What this task involves ->
Give again the lines of the data from its first line through the line with "AGNESE SM SOSPENSIONE". Change nothing.

Source material START

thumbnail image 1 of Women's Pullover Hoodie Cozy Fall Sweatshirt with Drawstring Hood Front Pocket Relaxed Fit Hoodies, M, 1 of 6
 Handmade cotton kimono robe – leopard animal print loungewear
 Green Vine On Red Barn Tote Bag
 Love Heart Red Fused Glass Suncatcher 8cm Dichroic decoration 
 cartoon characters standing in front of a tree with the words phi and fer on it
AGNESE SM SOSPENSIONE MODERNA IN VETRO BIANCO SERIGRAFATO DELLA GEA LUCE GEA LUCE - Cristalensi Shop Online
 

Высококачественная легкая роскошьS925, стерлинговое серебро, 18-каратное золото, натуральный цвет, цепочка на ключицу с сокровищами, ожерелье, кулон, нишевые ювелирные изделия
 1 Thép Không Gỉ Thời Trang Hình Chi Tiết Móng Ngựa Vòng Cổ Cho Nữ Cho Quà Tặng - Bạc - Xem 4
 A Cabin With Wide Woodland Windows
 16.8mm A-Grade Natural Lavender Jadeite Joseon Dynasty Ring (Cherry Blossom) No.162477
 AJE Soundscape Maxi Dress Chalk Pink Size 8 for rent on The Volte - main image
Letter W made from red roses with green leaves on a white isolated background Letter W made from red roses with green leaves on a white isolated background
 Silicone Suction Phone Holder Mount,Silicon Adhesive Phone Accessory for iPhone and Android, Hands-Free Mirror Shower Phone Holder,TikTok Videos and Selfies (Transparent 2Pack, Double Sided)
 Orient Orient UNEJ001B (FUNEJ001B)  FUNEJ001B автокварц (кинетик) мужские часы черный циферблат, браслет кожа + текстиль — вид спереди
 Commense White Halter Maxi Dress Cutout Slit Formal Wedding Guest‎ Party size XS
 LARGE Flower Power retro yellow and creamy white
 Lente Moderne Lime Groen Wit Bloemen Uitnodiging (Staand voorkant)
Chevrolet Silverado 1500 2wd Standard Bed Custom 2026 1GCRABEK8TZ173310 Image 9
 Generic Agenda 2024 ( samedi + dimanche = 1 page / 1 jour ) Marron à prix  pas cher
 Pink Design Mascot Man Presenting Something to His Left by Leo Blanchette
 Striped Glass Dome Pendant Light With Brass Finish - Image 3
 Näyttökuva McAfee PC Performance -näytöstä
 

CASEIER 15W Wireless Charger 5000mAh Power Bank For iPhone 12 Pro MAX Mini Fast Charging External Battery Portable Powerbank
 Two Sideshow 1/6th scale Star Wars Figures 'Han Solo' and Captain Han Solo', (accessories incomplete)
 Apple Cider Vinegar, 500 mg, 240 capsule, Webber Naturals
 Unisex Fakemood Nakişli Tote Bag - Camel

Source material END

Solution for this exercise ->
thumbnail image 1 of Women's Pullover Hoodie Cozy Fall Sweatshirt with Drawstring Hood Front Pocket Relaxed Fit Hoodies, M, 1 of 6
 Handmade cotton kimono robe – leopard animal print loungewear
 Green Vine On Red Barn Tote Bag
 Love Heart Red Fused Glass Suncatcher 8cm Dichroic decoration 
 cartoon characters standing in front of a tree with the words phi and fer on it
AGNESE SM SOSPENSIONE MODERNA IN VETRO BIANCO SERIGRAFATO DELLA GEA LUCE GEA LUCE - Cristalensi Shop Online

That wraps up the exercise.